Project 5 - Part 2

1. Data Set Up

In order to work with the data there were a few steps I had to do first. After bringing the dataset into my workspace, I removed all the NaNs and changed all the values to integers. These steps proved to be very helpful in order to get started on the stuff I needed to do. I was also able to see the types of each of the columns.

pns = pd.read_csv('city_persons.csv')
check_nan = pns['age'].isnull().values.any()
pns.dropna(inplace=True)

pns.reset_index(drop=True, inplace=True)

pns['age'] = pns['age'].astype(int)
pns['edu'] = pns['edu'].astype(int)

display(pns.dtypes)

X = pns.drop(["wealthC"],axis = 1)
y = pns.wealthC

2. K-Nearest Neighbors

When executing a KNN classification method, the best results produced from a range of 40 to 200 resulted in a testing score of 0.55051. When performing a KNN and adding a distance weight, the classification method produced a smalled testing score. It produced a score of 0.50024.

3. Logistic Regression

Next, a logistic regression was executed. It resulted in a testing score of 0.55949. This higher testing score shows the logistic regressioned was better in comparison to the KNN that was previously produced. But it is only slightly better, not by a large number.

4. Random Forest

Next, a random forest was performed to produce the results. The number of estimators (or trees) to 100, 500, 1000, and 5000 with specifications is most likely to return the best model. The training and testing score for 100 trees was 0.7972005 and 0.4997559, respectively. The training and testing score for 500 trees was 0.7972005 and 0.4904831, respectively. The training and testing score for 1000 trees was 0.7972005 and 0.4982918, respectively. The training and testing score for 5000 trees was 0.7972005 and 0.4953636, respectively. These have decently high score of accuracy. The 100 trees produced the best results.

After that, I tested the minimum number of samples that was required to split an internal from my range of 20 to 30 and found it to be 27 with a testing score of 0.56785. Which is not that much higher than the previous models as it is a very close number to them.

Next I ran models of standardized data and unstandardized data and compared the results.
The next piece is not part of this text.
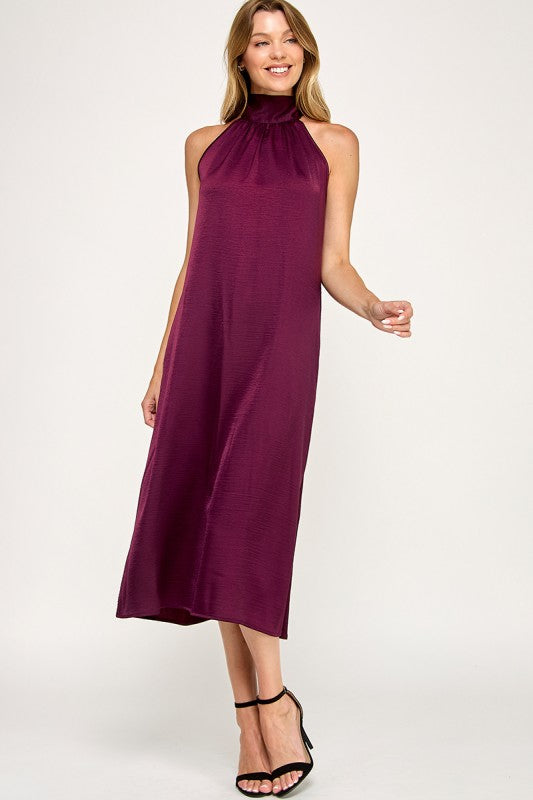 Halter Bow Back Satin Mid Dress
The standardized and unstandardized score for 100 trees was 0.4988038 and 0.4977799, respectively. The standardized and unstandardized score for 500 trees was 0.5146364 and 0.5043972, respectively. The standardized and unstandardized score for 1000 trees was 0.5280527 and 0.5056125, respectively. The standardized and unstandardized score for 5000 trees was 0.5114690 and 0.5046364, respectively. 1000 trees produced the best results compared to the rest. The standardized data had better and higher scores of accuracy than the unstandardized scores.
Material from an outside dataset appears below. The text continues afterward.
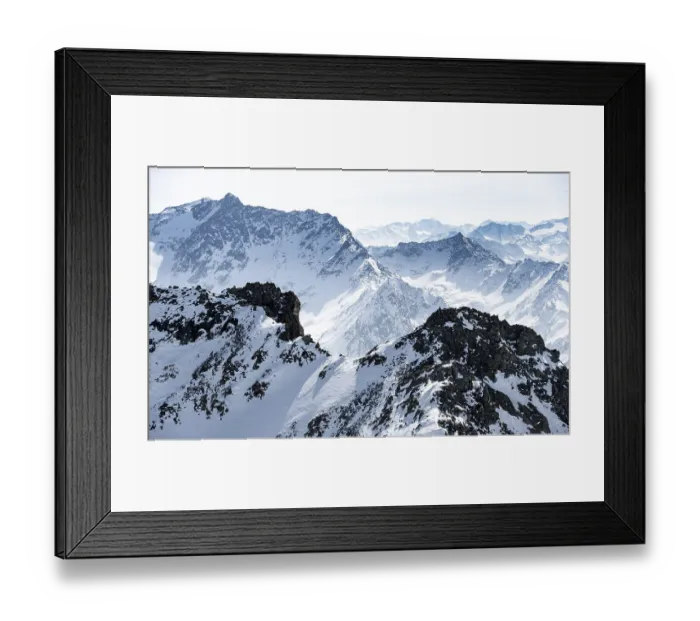 Framed Print : Peaks and mountains in winter, Sellraintal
5. Recoding Wealth Class 2 & 3

With the previous steps done again, there was a difference from before with recoding the wealth classes 2 and 3 into a single outcome. I redid all of the previous models to see the results with the recoding.

The KNN testing score for the recoding was 0.60093 . And when adding the distance weight, the testing score was 0.59015. The testing score for the recoding was overall was higher than before with wealth class 2 and 3 split now. Also when adding the distance weight, the testing score was lower than without the distance weight.

For the logistic regression, the testing score when executed was 0.61274. The logistic regression score increased compared to the logistic regression from before. Compared to the KNN and KNN with distance for the recoded wealth 2 & 3 data, the logistic regression is higher than both of those.

With the random forest, results were produced with the recoded wealth class 2 & 3. The standardized data and unstandardized data was executed and results were compared. The standardized and unstandardized score for 100 trees was 0.5946065 and 0.5865315, respectively. The standardized and unstandardized score for 500 trees was 0.5986135 and 0.5916847, respectively. The standardized and unstandardized score for 1000 trees was 0.5763152 and 0.5881637, respectively. The standardized and unstandardized score for 5000 trees was 0.5986349 and 0.5831532, respectively. There may be a possible reason for this change in results and that being with the recoding of wealth class 2 and 3, there was less variance among the data, thus changing how accurate and well predicted it was making it have a greater accuracy. These numbers are consistantly higher than the previous standardized and unstandardized data without the recoding of wealth class 2 and 3.

6. Result Analysis

Overall, the recoded dataset where the recoding of wealth class 2 and 3 into a single outocme came out with better results over all of the models when compared to the split wealth class 2 & 3 for the wealth of all persons throughout the large West African capital city that was described. The scores are visibily higher. But between the models of the original data, the model that produced the best results was the logistic regression. And between the models of the recoded wealth 2 & 3 data, the model that produced the best results was the logistic regression, again. This data was quite easier to work with than compared to the previous data set of another West African city with wealthC and wealthI.